▶ Given material:
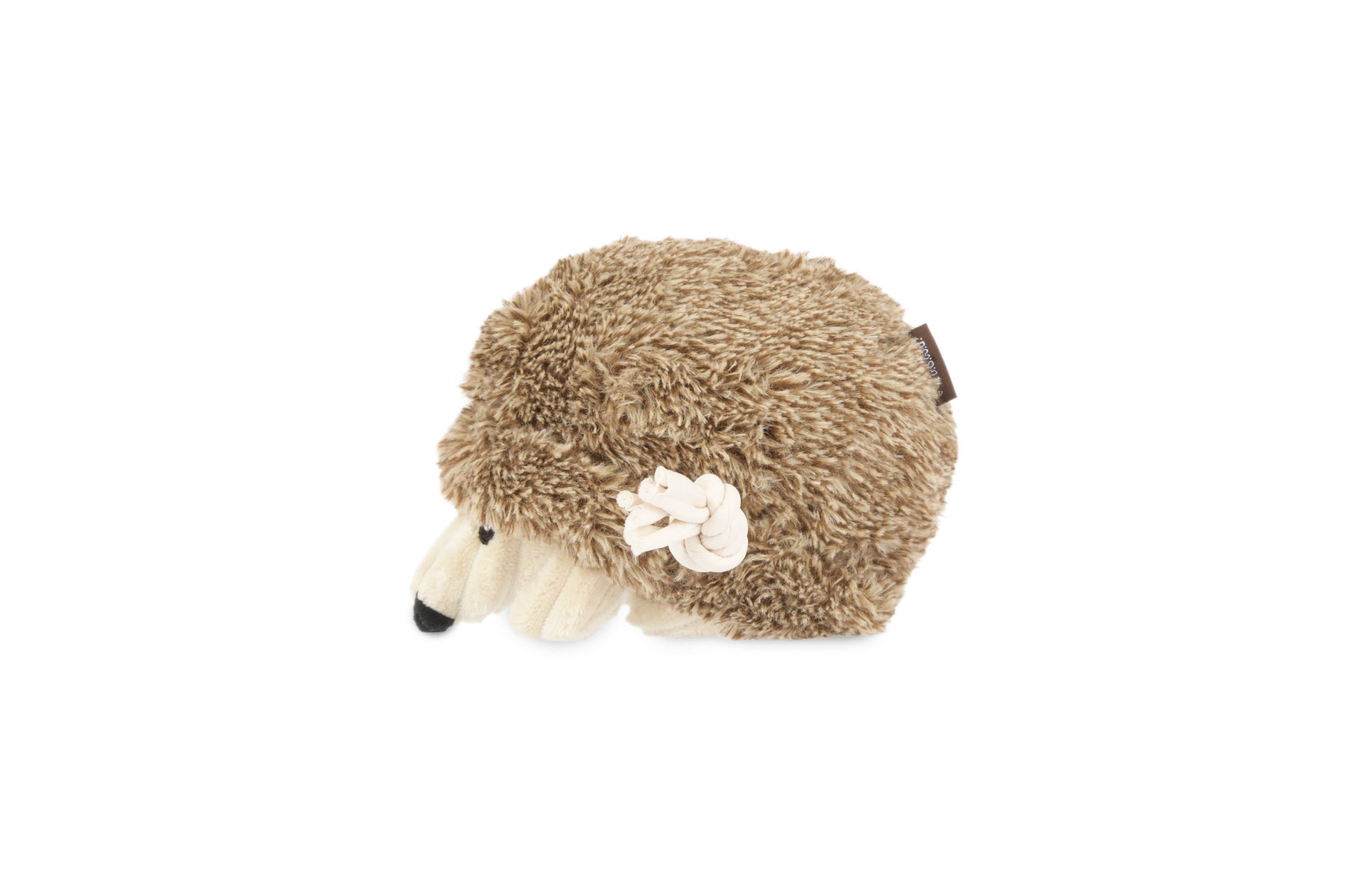 Hamilton the Hedgehog Dog Toy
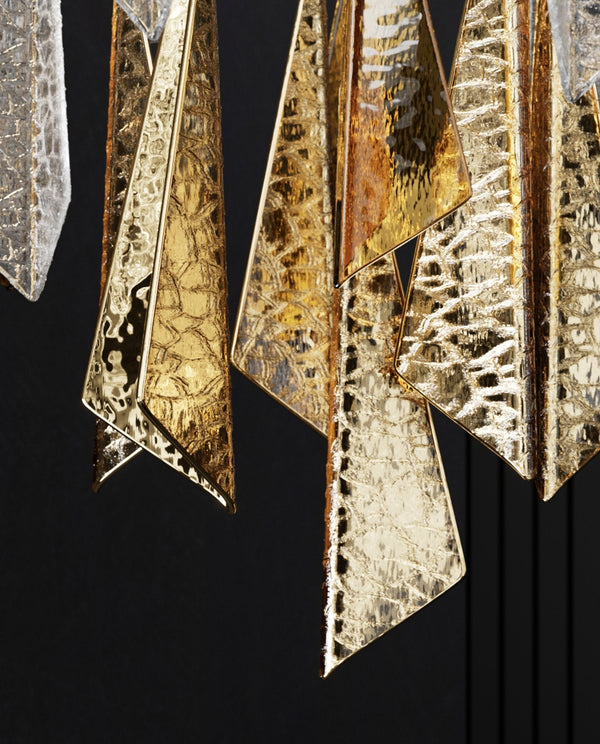 Breeze Chandelier Pendant Lamp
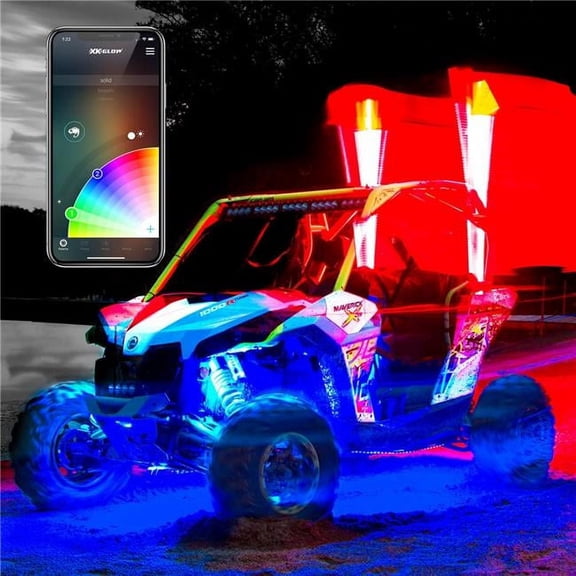 XKGLOW XK-WHIPC-ADV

▶ What to produce:
Give back the material above exactly as written, but omit the images.

▶ Response:
 Hamilton the Hedgehog Dog Toy
 Breeze Chandelier Pendant Lamp
 XKGLOW XK-WHIPC-ADV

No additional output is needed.